Given material:
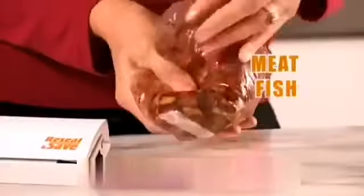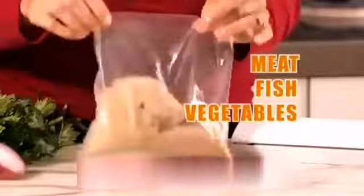Cereal bags, tea and coffee, liquids, syrups, berries, crackers and more. Meat, fish, vegetables. Re-seal and save the flavor.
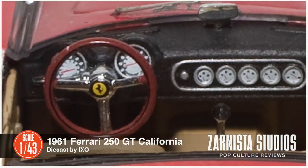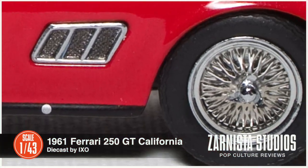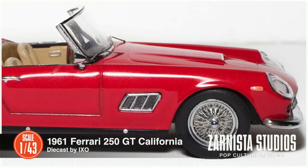If what you collect is TV and movie memorabilia in 1:43rd scale, this will fit perfectly into your collection. We hope these detailed photos will help you decide if this one is right for you.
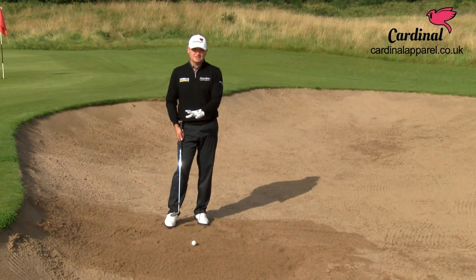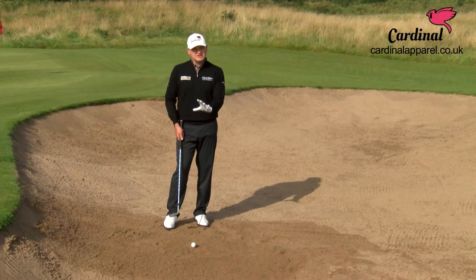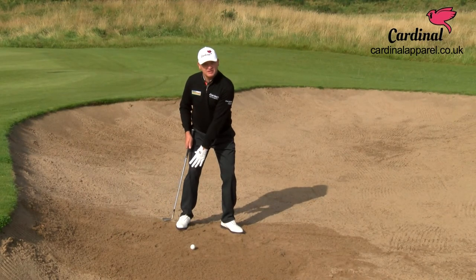Downhill bunker shot now, which is always a tricky shot no matter what level of golf you play. There are three or four things you must get right. The ball goes towards your higher foot on this shot, so the ball goes further back in your stance towards your right foot.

Exercise goal: The expected output is every line from the line where "If what you" appears to the final line of the material, unchanged and with no pictures.

Answer space:
If what you collect is TV and movie memorabilia in 1:43rd scale, this will fit perfectly into your collection. We hope these detailed photos will help you decide if this one is right for you.
Downhill bunker shot now, which is always a tricky shot no matter what level of golf you play. There are three or four things you must get right. The ball goes towards your higher foot on this shot, so the ball goes further back in your stance towards your right foot.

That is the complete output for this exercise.